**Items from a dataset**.
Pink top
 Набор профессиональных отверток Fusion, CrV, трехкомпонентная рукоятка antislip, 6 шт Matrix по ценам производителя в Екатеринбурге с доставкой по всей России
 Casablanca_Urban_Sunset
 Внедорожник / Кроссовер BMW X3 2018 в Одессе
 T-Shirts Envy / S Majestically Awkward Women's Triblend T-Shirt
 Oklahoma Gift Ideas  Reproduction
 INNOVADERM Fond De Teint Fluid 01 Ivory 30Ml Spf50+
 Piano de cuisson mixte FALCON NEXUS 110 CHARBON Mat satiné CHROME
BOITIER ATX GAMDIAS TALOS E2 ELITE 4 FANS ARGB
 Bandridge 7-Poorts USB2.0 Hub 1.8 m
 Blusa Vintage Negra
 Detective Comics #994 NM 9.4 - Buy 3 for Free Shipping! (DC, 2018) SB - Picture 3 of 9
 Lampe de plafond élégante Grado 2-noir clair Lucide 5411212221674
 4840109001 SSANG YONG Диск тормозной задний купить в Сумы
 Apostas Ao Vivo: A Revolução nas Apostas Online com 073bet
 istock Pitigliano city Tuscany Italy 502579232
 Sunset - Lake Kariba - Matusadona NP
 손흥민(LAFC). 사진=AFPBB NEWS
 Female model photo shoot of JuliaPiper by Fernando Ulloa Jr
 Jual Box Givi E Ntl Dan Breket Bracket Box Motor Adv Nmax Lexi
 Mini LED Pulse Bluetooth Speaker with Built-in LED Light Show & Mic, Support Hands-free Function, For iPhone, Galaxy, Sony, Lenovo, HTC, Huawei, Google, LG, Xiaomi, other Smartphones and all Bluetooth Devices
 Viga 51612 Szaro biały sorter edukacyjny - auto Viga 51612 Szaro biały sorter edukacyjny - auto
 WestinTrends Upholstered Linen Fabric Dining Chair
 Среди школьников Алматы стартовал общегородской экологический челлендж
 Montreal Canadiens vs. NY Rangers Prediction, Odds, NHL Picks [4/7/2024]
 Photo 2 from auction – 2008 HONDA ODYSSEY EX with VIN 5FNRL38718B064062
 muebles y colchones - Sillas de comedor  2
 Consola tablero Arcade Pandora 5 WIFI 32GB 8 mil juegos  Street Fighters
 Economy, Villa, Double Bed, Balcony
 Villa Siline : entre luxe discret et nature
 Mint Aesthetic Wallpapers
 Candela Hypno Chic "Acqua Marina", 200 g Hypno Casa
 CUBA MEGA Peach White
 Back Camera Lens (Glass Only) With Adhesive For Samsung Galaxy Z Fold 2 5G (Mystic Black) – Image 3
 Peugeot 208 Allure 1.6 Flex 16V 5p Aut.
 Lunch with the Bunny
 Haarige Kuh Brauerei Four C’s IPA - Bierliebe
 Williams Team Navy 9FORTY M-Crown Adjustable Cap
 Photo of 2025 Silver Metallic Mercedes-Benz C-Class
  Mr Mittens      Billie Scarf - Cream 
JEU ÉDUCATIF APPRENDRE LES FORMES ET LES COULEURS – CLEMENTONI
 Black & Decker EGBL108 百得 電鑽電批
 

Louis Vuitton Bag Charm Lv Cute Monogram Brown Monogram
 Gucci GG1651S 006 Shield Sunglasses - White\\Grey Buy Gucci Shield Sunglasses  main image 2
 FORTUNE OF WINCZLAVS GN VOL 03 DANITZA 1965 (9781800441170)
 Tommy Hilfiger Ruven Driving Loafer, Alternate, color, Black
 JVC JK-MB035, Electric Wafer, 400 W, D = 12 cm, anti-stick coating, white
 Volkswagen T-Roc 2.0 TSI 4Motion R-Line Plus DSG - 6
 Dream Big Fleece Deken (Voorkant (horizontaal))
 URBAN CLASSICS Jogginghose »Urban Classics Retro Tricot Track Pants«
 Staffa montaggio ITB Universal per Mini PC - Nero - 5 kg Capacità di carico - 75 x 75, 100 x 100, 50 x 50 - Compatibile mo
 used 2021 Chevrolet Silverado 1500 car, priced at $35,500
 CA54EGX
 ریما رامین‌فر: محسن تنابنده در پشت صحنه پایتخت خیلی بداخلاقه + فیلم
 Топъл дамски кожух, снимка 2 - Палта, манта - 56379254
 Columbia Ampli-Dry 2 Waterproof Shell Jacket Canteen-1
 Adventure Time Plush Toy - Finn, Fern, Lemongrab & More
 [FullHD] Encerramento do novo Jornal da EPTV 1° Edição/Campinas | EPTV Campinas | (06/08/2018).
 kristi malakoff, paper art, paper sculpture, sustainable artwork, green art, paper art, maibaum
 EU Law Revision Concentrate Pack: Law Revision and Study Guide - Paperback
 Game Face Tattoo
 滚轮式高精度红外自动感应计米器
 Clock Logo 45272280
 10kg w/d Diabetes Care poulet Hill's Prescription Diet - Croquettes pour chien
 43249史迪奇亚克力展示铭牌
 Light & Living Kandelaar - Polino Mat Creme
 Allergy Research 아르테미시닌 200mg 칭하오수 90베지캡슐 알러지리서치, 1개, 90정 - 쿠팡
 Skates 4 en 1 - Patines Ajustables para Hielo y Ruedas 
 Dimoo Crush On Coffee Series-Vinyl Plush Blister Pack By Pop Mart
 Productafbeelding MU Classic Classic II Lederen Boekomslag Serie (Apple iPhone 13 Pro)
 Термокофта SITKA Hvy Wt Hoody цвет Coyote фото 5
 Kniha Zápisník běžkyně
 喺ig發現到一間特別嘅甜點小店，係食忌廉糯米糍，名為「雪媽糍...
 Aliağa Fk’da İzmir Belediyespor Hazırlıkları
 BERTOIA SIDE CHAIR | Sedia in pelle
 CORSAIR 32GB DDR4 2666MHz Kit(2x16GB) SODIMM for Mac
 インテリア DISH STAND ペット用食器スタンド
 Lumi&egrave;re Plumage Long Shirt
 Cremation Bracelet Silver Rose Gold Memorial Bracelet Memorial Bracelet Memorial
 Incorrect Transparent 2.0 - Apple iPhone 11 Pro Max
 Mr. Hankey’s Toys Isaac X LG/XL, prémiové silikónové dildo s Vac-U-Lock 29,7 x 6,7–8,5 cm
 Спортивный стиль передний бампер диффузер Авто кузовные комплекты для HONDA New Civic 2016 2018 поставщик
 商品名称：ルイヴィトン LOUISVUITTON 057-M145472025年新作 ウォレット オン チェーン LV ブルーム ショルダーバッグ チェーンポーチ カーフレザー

**How to complete this task**. What is needed is an exact copy of the lines above, from the one containing "CUBA MEGA Peach White" through the one containing "Williams Team Navy", with nothing added.

**Completed task**.
 CUBA MEGA Peach White
 Back Camera Lens (Glass Only) With Adhesive For Samsung Galaxy Z Fold 2 5G (Mystic Black) – Image 3
 Peugeot 208 Allure 1.6 Flex 16V 5p Aut.
 Lunch with the Bunny
 Haarige Kuh Brauerei Four C’s IPA - Bierliebe
 Williams Team Navy 9FORTY M-Crown Adjustable Cap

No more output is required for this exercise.